Required work: Please copy exactly the lines that begin with the one containing "Przemysł Graficzny : organ" and end with the last line of the entries.

Records shown:
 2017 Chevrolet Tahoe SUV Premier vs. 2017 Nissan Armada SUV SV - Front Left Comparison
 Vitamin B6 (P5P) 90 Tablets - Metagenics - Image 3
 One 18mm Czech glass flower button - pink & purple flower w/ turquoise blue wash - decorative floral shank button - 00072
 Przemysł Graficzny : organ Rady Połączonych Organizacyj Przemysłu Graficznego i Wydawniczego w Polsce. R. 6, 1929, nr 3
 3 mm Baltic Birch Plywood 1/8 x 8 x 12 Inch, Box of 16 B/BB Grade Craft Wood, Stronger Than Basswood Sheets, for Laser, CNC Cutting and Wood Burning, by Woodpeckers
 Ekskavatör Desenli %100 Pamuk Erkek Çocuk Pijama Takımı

Answer area:
 Przemysł Graficzny : organ Rady Połączonych Organizacyj Przemysłu Graficznego i Wydawniczego w Polsce. R. 6, 1929, nr 3
 3 mm Baltic Birch Plywood 1/8 x 8 x 12 Inch, Box of 16 B/BB Grade Craft Wood, Stronger Than Basswood Sheets, for Laser, CNC Cutting and Wood Burning, by Woodpeckers
 Ekskavatör Desenli %100 Pamuk Erkek Çocuk Pijama Takımı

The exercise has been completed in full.